The Aichi D3A (99式艦上爆撃機, Allied code name Val) was a World War II dive bomber produced by the Aichi company in Japan. It was the primary carrier-borne dive bomber in the Imperial Japanese Navy in the early stages of the war, and participated in almost all actions, including Pearl Harbor.
The Aichi design started with low-mounted elliptical wings inspired by the Heinkel He 70 Blitz. The fuselage looked quite similar to the Zero, although the entire plane was built stronger to withstand the rigours of dive bombing. It flew slowly enough that the drag from the landing gear was not a serious issue, so fixed gear were used for simplicity. The plane was to be powered by the 710 hp (529 kW) Nakajima Hikari 1 nine-cylinder radial engine.
The first prototype was completed in December 1937, and flight trials began a month later. Initial tests were disappointing. The aircraft was underpowered and suffered from directional instability in wide turns, and in tighter turns it tended to snap roll. The dive brakes vibrated heavily when extended at their design speed of 200 knots (370 km/h), and the Navy was already asking for a faster diving speed of 240 knots (440 km/h).

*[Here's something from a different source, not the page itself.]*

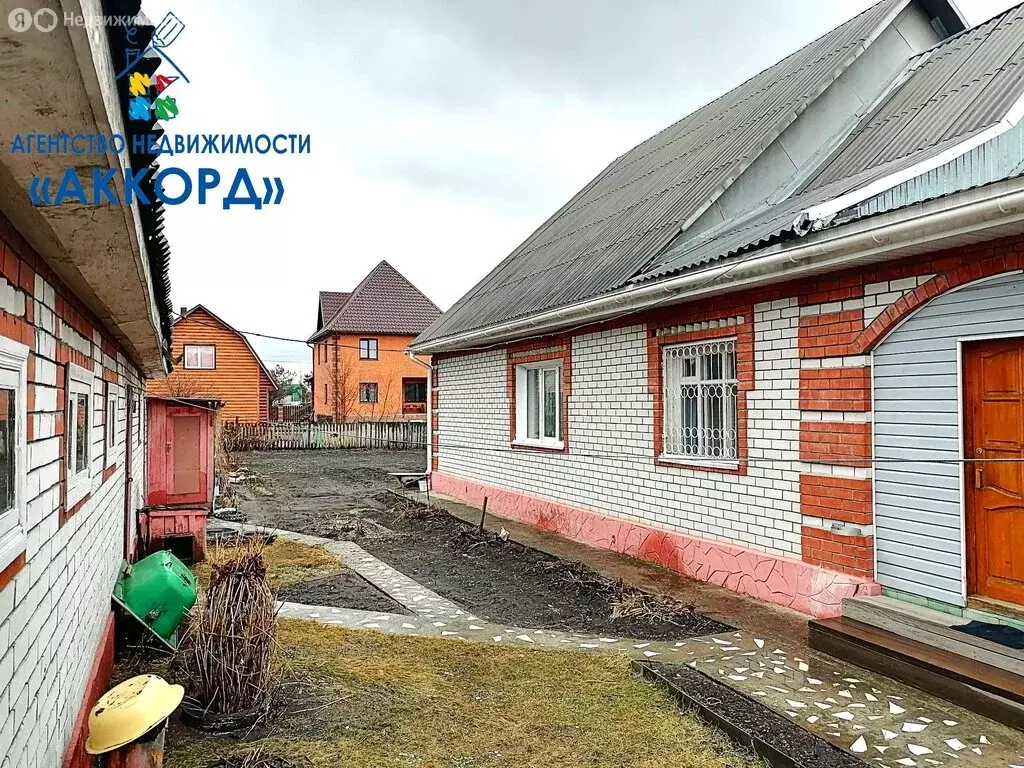 Дом в Новоалтайск, Изумрудная улица (126.7 м) - Фото 1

The second aircraft was extensively modified prior to delivery to try to address the problems. Power was increased by replacing the Hikari with the 840 hp (626 kW) Mitsubishi Kinsei 3 in a redesigned cowling, and the vertical tail was enlarged to help with the directional instability. The wings were slightly larger in span and the outer sections of the leading edges had wash-out to combat the snap rolls, and strengthened dive brakes were fitted. These changes cured all of the problems except the directional instability, and it was enough for the D3A1 to win over the Nakajima D3N1.
Armament was two forward-firing 7.7 mm Type 97 machine-guns, and one flexible 7.7 mm Type 92 machine gun in the rear cockpit for defense. Normal bombload was a single 250 kg (550 lb) bomb carried under the fuselage, which was swung out under the propeller on release by a trapeze. Two additional 60 kg (130 lb) bombs could be carried on wing racks located under each wing outboard of the dive brakes.
Starting with the attack on Pearl Harbor, the D3A1 took part in all major Japanese carrier operations in the first ten months of the war. They achieved fame during the Indian Ocean raid in April 1942 when the D3A1s scored with over 80% of their bombs during attacks on the British cruisers HMS Cornwall and HMS Dorsetshire and the carrier HMS Hermes. In some cases they were pressed into duty as fighters, their maneuverability being enough to allow them to survive in this role.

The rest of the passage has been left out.